Badminton was first introduced at the Olympic Games in Barcelona, ​​Spain (1992) and again at the Olympic Gams in Atlanta (1996), and will continue as a full medal sport.

THE STORY OF BADMINTON IN INDIA

The exact origins of badminton, to date, remain unclear, but there have been references to games involving balls and rackets in historical records of ancient India, China, and Greece. The mentions date back almost 2000 years.

In medieval Europe, a children’s game called battledore and badminton, in which players used a paddle (battledore) to hold a small feather in the air for as long as possible, was also popular. Jeu de Volant was another similar game played by European aristocrats in the 17th century.

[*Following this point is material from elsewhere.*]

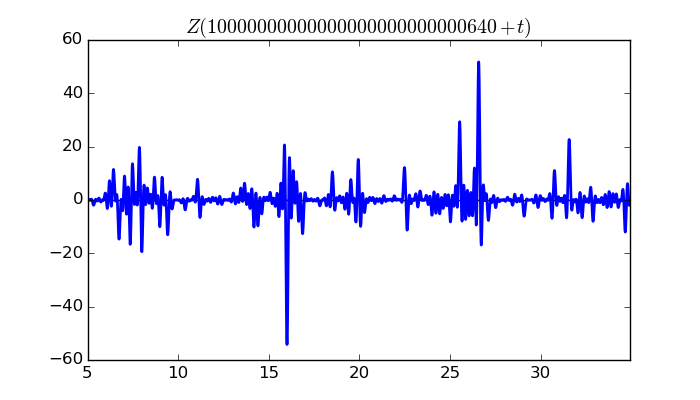 zeta function picture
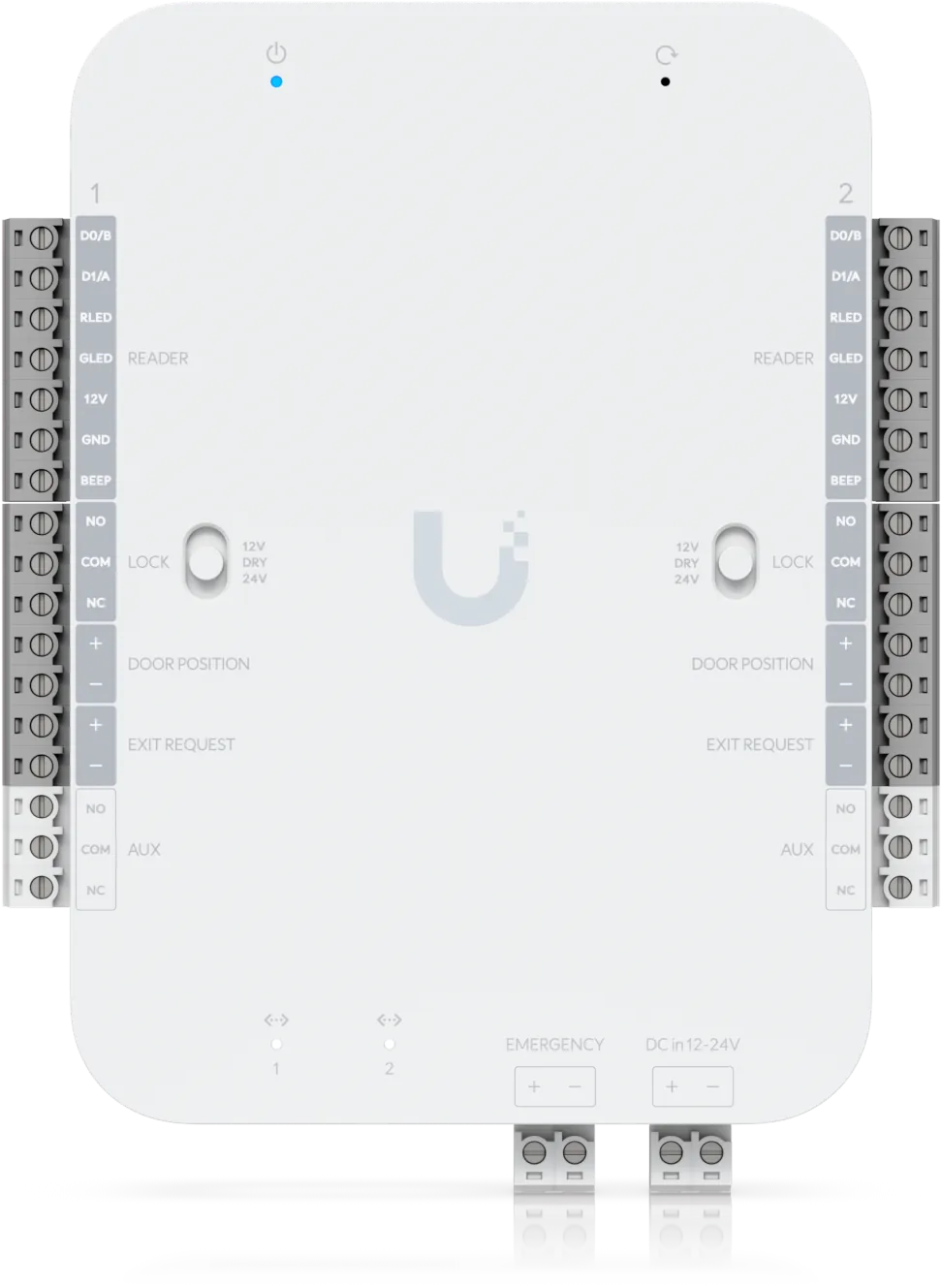 UniFi Retrofit Hub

However, the transformation of the former racquet sport into a globally recognized sporting discipline began from India. British army officers were introduced to the domestic version of the game, which was played for centuries while stationed in India around the 1860s.

They made their own adaptations to the sport, mainly adding the net and calling it Poona or Poonah, after the city (Pune) garrison was based in. The first informal set of badminton rules for the game was formed in India by the British colonists. 1867

Interestingly, ball badminton – another variant of the game of wool balls instead of shuttlecocks – was popular in southern parts of India. The British soldiers in India also drew inspiration from it and used balls rather than shuttles while playing the game in windy or wet conditions.

Soldiers returning from India took the game back to England and soon gained the attention of the former Duke of Beaufort. In 1873 the Duke introduced the game to his guests on a lawn held on his estate in Gloucestershire.

The duke called it the “Badminton game” after the name of his estate – Badminton House. The name stuck, and thus the sport became badminton.

Badminton’s popularity increased rapidly and it went from being a leisure activity in the garden to becoming a game popular in clubs.

Bath Badminton Club, the first dedicated badminton club, was formed in 1877 and ten years later the club wrote about the informal rules coined in India. The Bath Badminton Club rules created the framework for today’s badminton.